» **Task prompt**:
Skip the pictures. Output only the lines below starting at the line with "Since we already" and ending at the line with "If safety is", both ends included, exactly as they are.

» **Supplied material**:
————

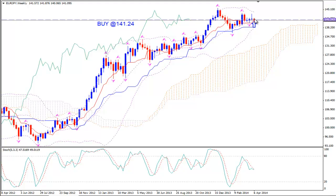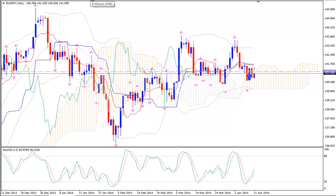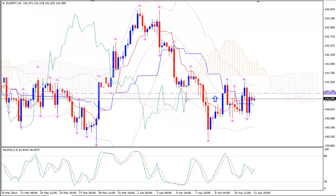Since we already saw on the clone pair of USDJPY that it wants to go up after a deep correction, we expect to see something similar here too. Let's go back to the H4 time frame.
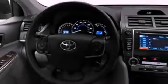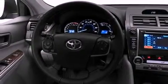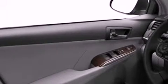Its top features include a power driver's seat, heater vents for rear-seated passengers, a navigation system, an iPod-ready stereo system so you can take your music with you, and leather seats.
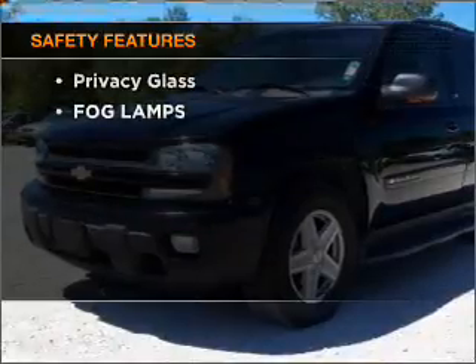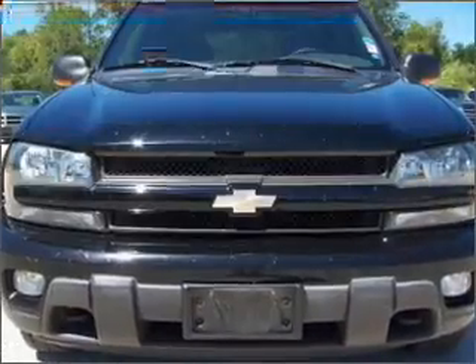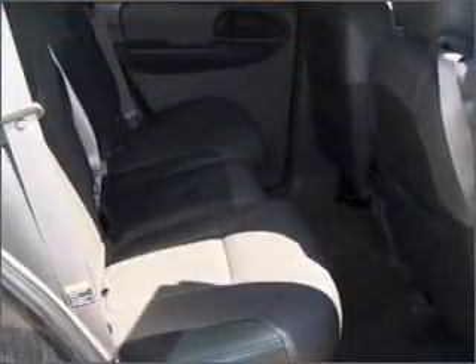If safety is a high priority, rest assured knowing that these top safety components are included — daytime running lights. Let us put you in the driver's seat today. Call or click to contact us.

————

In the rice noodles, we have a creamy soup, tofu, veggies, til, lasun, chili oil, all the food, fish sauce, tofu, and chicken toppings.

————

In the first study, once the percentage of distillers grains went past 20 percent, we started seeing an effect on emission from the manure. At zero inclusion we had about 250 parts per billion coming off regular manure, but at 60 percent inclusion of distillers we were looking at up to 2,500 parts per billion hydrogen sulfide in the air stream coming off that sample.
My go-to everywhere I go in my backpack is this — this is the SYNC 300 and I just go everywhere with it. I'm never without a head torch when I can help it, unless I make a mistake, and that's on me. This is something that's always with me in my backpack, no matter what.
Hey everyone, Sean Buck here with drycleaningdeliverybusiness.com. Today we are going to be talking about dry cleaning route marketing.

————

» **Response for this exercise**:
Since we already saw on the clone pair of USDJPY that it wants to go up after a deep correction, we expect to see something similar here too. Let's go back to the H4 time frame.
Its top features include a power driver's seat, heater vents for rear-seated passengers, a navigation system, an iPod-ready stereo system so you can take your music with you, and leather seats.
If safety is a high priority, rest assured knowing that these top safety components are included — daytime running lights. Let us put you in the driver's seat today. Call or click to contact us.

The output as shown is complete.